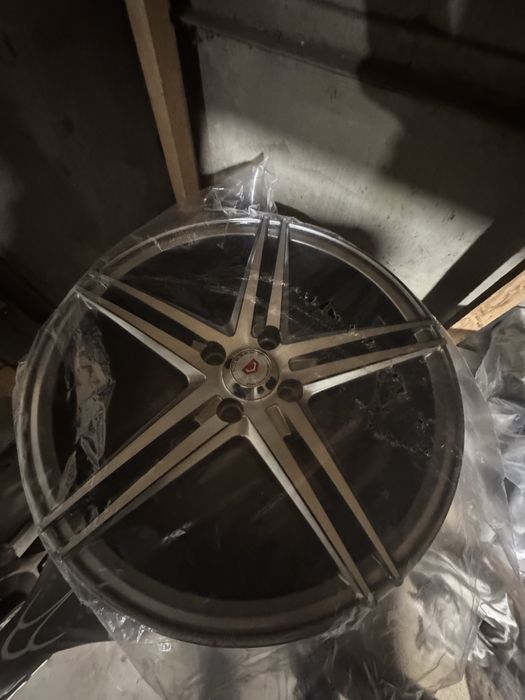 Продам по штучно диски, есть 3 штуки
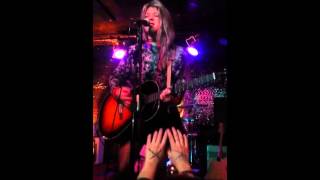 Kill the Light (Acoustic) - Kitten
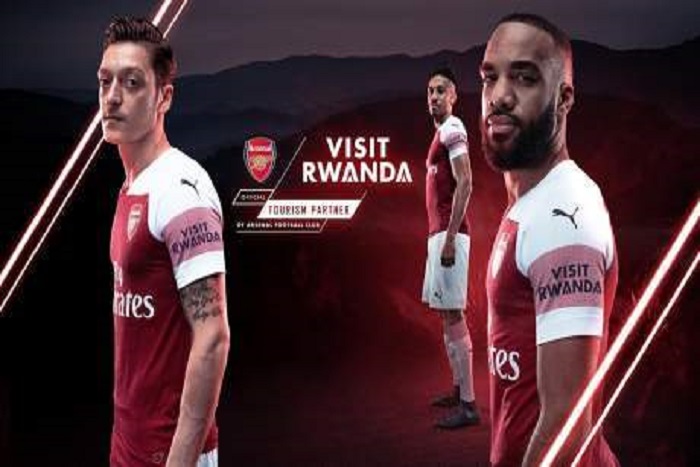 Premier League : Paul Kagame signe un contrat de publicité avec Arsenal
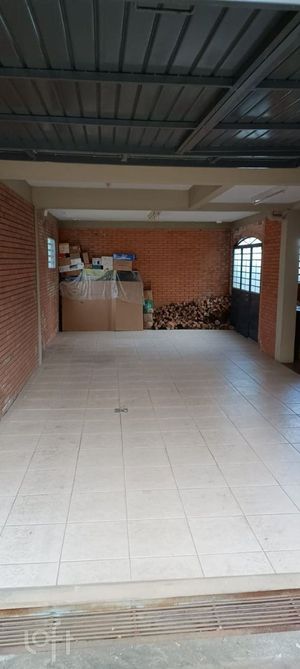 Image 35 - 897550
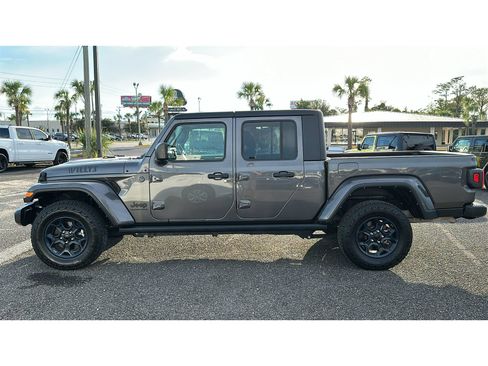Used 2023 Jeep Gladiator Sport AWD/4WD image 3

────────────────────────────────────────

§ **ACTIVITY**:
Using the material above, restate word for word the lines from the line that has "Premier League : Paul" to the last line, inclusive, with pictures omitted.

§ **RESPONSE AREA**:
 Premier League : Paul Kagame signe un contrat de publicité avec Arsenal
 Image 35 - 897550
Used 2023 Jeep Gladiator Sport AWD/4WD image 3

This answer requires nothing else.